In fact, according to a 2014 study done by Morris and Helen Neill of the University of Nevada, Las Vegas, a 10% increase in gas prices can mean a 2% price bump for homes closer to a city center.
Homes further from a metropolitan hub, though, saw about a 1% drop in home value, according to the study.
To calculate this correlation, Morris and Neill used data from 930,702 home sales in the Las Vegas area for a span of more than 30 years. Morris said that home prices were most likely to decline if they were located more than half an hour outside a metropolitan area.
“The pivot point in our data, for this particular city, was about a 30-minute commute. So if your house was in an area where your commuting time was less than 30 minutes you were more likely having home prices going up when house prices go up,” Morris said. “But if it was more than 30 minutes, your home prices were more likely to go down when gasoline prices go up.”
This area outside of suburbs, which is often referred to as the “suburban fringe,” was most affected when gas prices soared in 2008 and the housing crisis hit.
“If you look at the walkable urban neighbourhoods, during the great recession, the housing prices basically went flat.
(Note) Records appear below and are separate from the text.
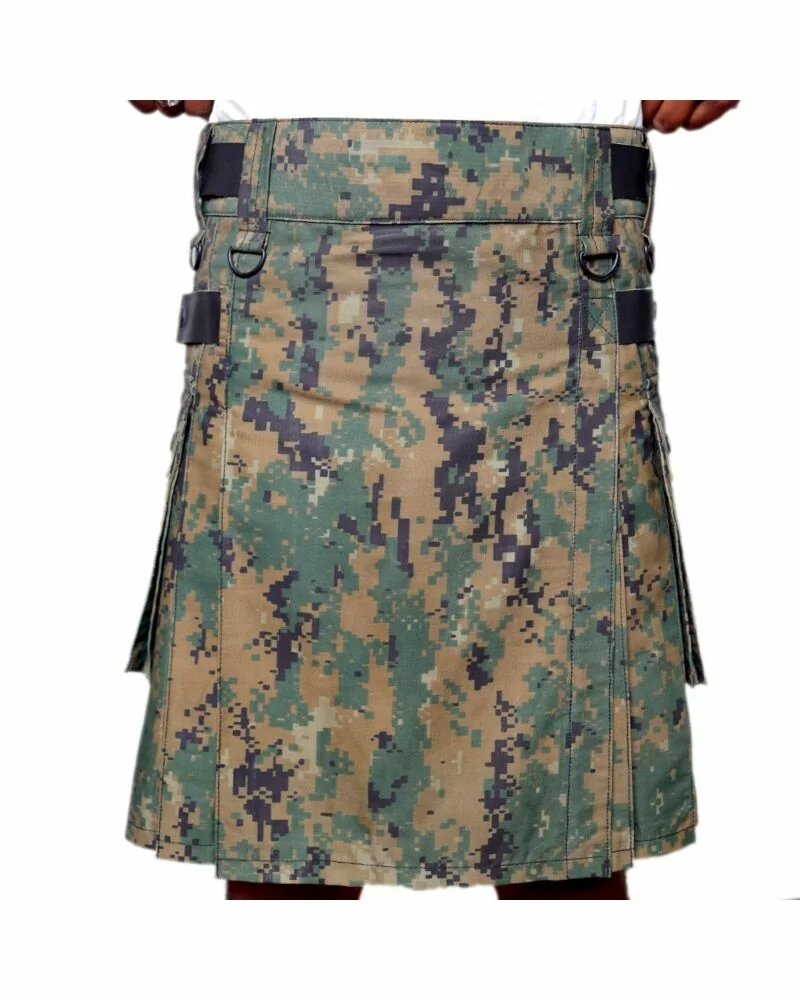 Digital Camo Cargo Utility Kilt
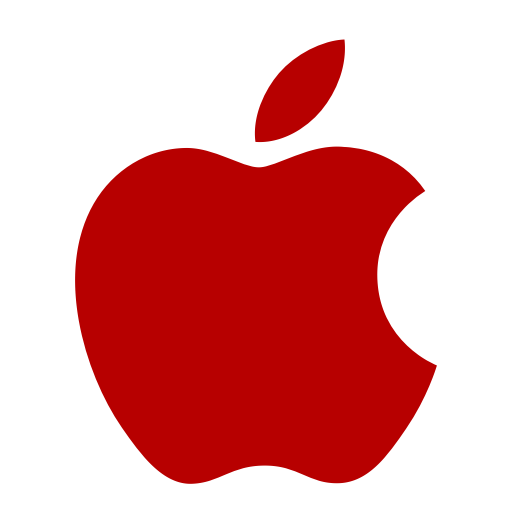 Icône de pomme rouge (symbole du logo)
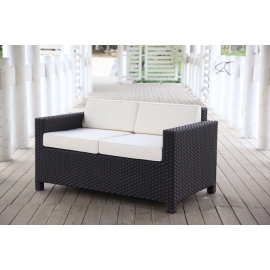 Gartenmöbel Baju Rattan Loungesofa braun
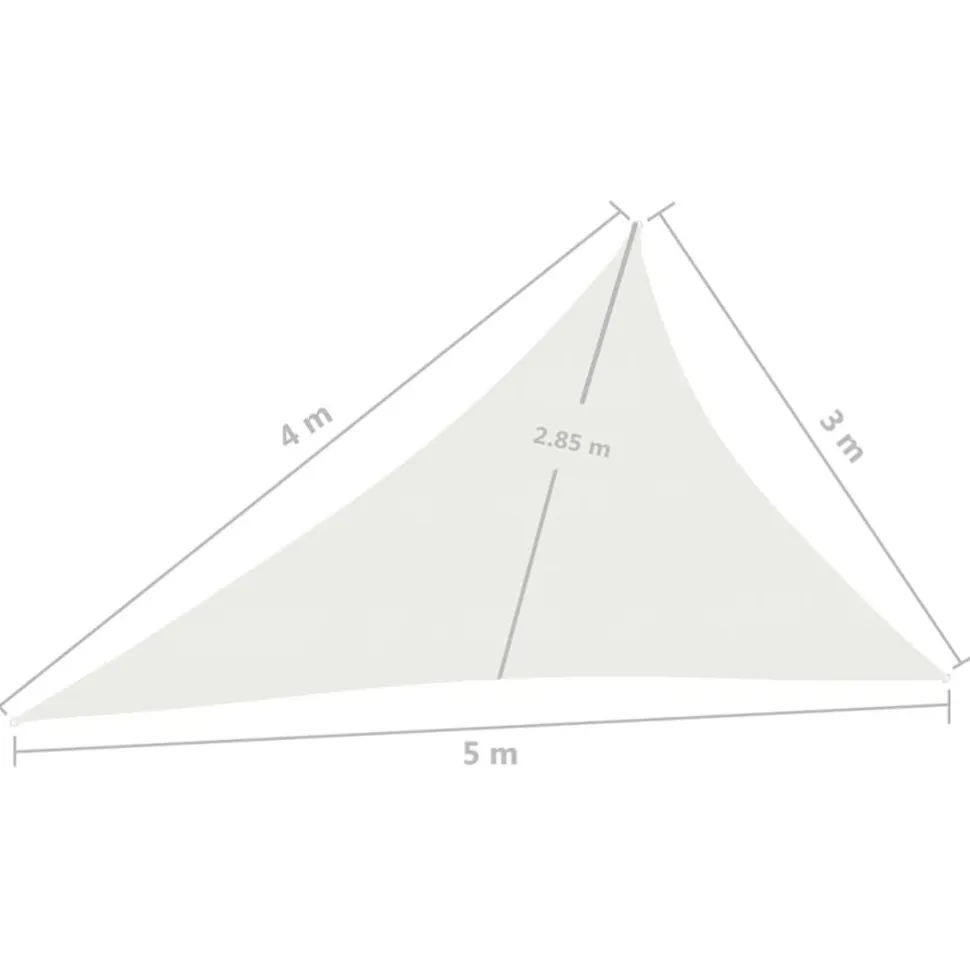 Aurinkopurje 160 g/m² 3x3x3 m HDPE valkoinen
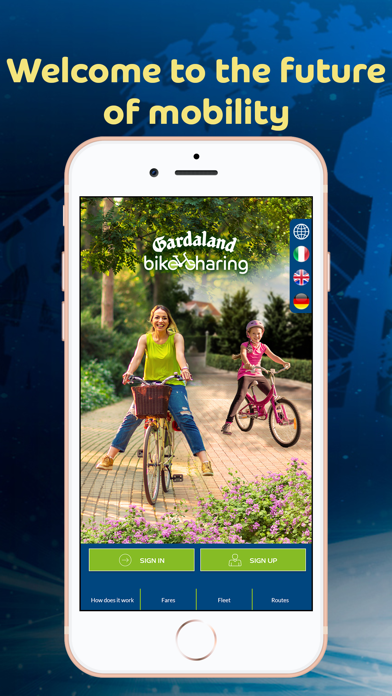 Gardaland Bike Sharing Screenshot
Maybe they went down 10%, but they basically went flat,” Christopher B. Leinberger, the chairman of the Center for Real Estate and Urban Analysis at George Washington University, told Business Insider.
“The drivable suburban fringe, relying upon cheap gas prices, had by far felt the biggest impact of price declines,” Leinberger said.
For example, Leinberger said that houses in the suburban fringe surrounding the DC metro area saw home values drop as much as 60% per cent from peak home prices, while homes in suburban areas closer to the city saw a drop of about half that.
Of course, gas prices were not the sole factor influencing home prices in 2008. The mortgage crisis sent the housing market into a tailspin and home values across the nation fell. But high gas prices do affect peoples’ preferences, and when prices at the pump are soaring, people simply don’t want to live as far out.
“Over the longer run, we know that gasoline prices can shift the prices for different types of cars and even people’s patterns of living and commuting,” Morris said. “Prices matter and people respond to prices and if gasoline prices go up and stay up then certain consumption patterns are harder to sustain and people are going to make other choices.”